(Captioned web images)
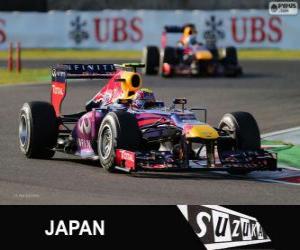 Puzle Mark Webber - Red Bull - GP do Japão 2013, 2º classificado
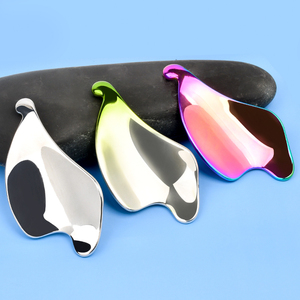 เครื่องนวดเพื่อความงามสัมผัสสูงทำจากโลหะกัวซาเครื่องมือทำจากสเตนเลสสตีลใช้ทาครีมบำรุงผิว - Product Image 4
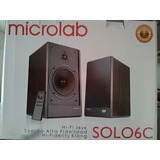 Par De Monitores Ativos Microlab Solo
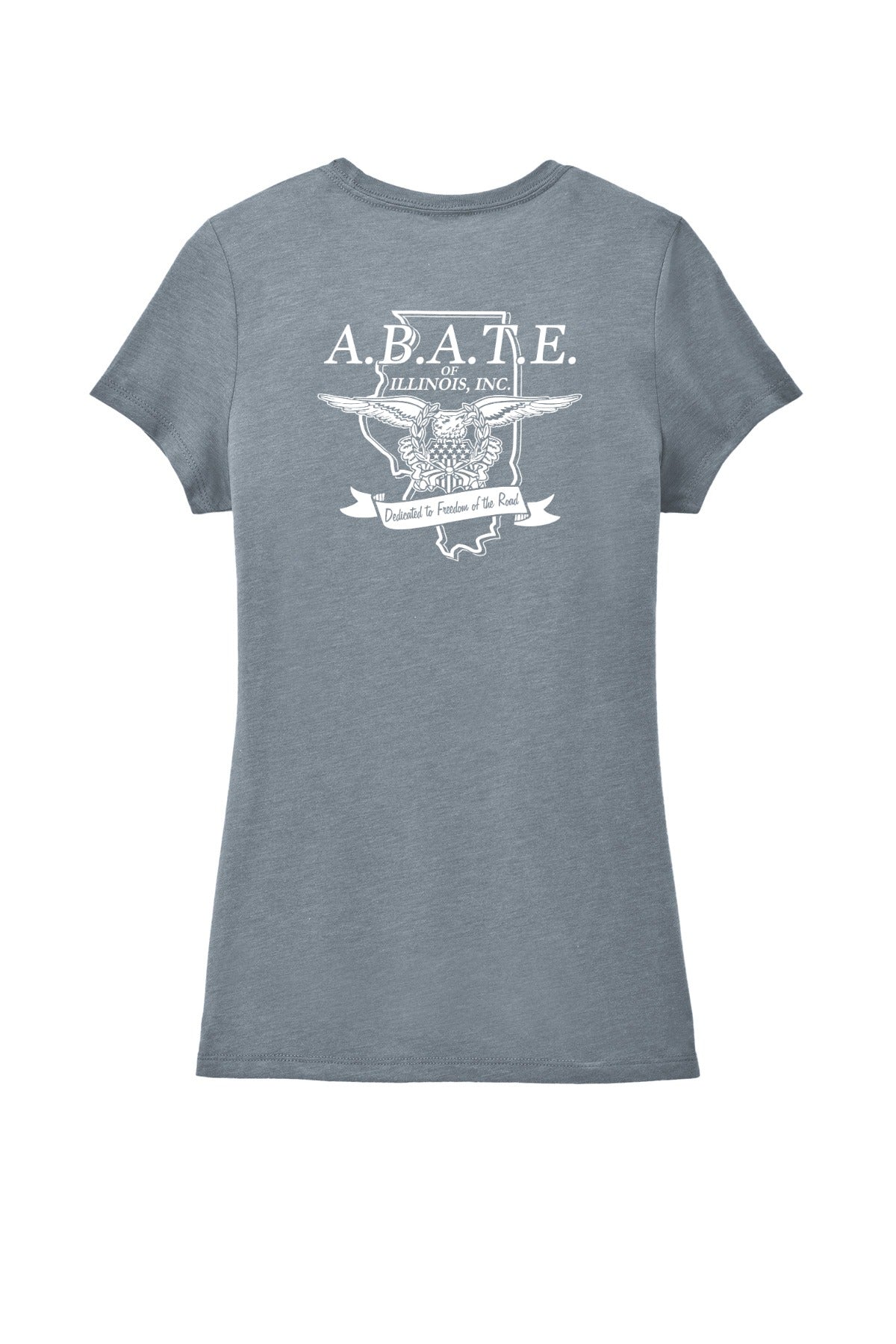 Abate Design 01 District Women's Perfect Tri Tee Flint Blue Heather back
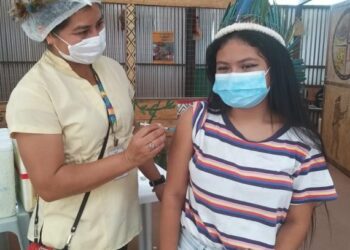 Parque das Tribos recebe equipe itinerante da prefeitura para vacinação infantil contra a Covid-19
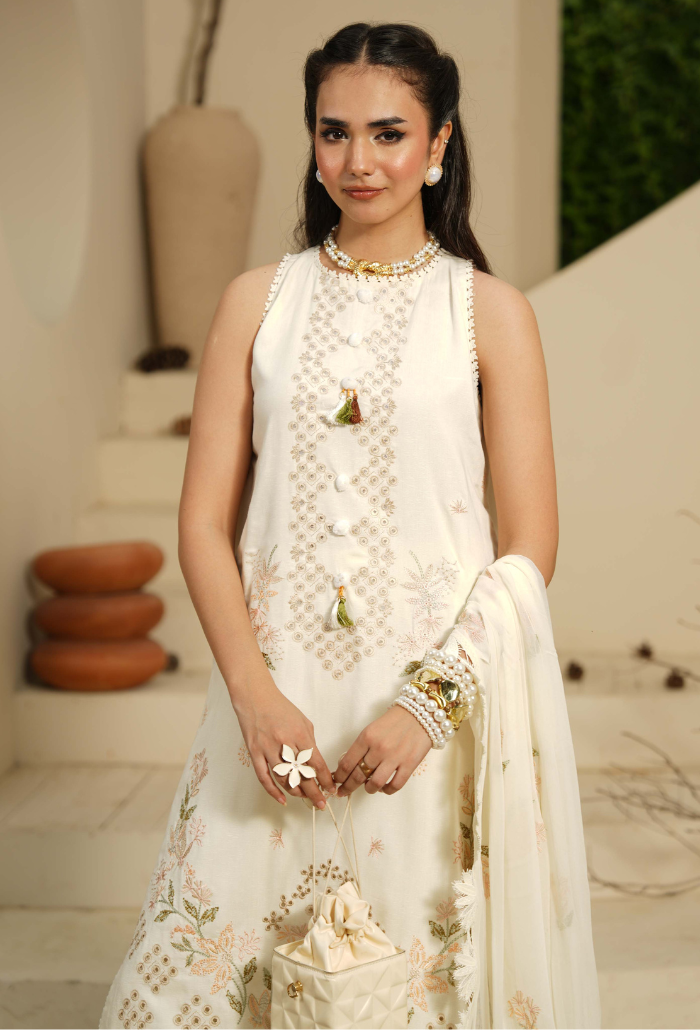 Mushak - D02 Chiffon Pakistani Winter Dresses - Humdum - 4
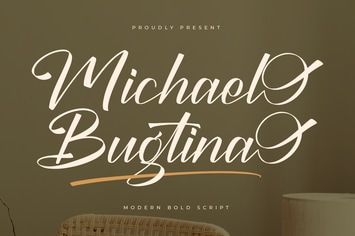 Michael Bugtina Modern Bold Script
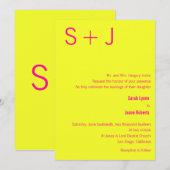 Moderne uitnodiging voor weddenschappen op monogra (Voorkant / Achterkant)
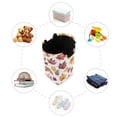 thumbnail image 7 of Yayeee Freestanding Laundry Hamper with Handle Collapsible Large Storage Basket for Clothes, Gray Autumn Leaves, 7 of 7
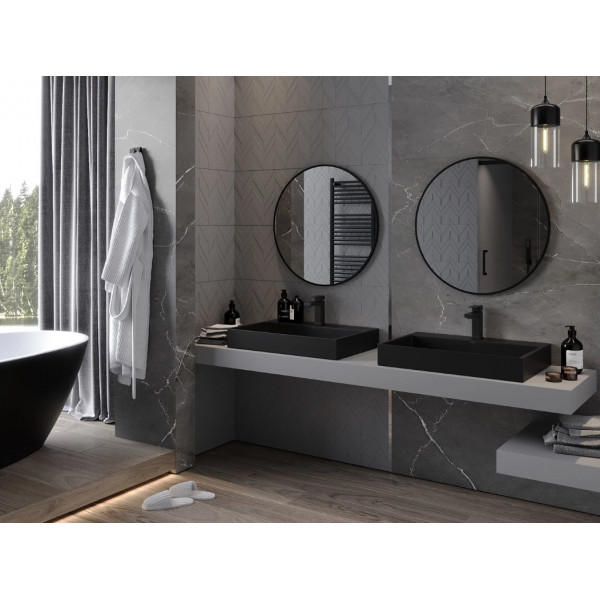 Дзеркало MEXEN LOFT 75 BLACK кругле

PROBLEM DESCRIPTION: Return all of the lines above without alteration, minus the pictures.

RESPONSE TO THIS EXERCISE:
 Puzle Mark Webber - Red Bull - GP do Japão 2013, 2º classificado
 เครื่องนวดเพื่อความงามสัมผัสสูงทำจากโลหะกัวซาเครื่องมือทำจากสเตนเลสสตีลใช้ทาครีมบำรุงผิว - Product Image 4
 Par De Monitores Ativos Microlab Solo
 Abate Design 01 District Women's Perfect Tri Tee Flint Blue Heather back
 Parque das Tribos recebe equipe itinerante da prefeitura para vacinação infantil contra a Covid-19
 Mushak - D02 Chiffon Pakistani Winter Dresses - Humdum - 4
 Michael Bugtina Modern Bold Script
 Moderne uitnodiging voor weddenschappen op monogra (Voorkant / Achterkant)
 thumbnail image 7 of Yayeee Freestanding Laundry Hamper with Handle Collapsible Large Storage Basket for Clothes, Gray Autumn Leaves, 7 of 7
 Дзеркало MEXEN LOFT 75 BLACK кругле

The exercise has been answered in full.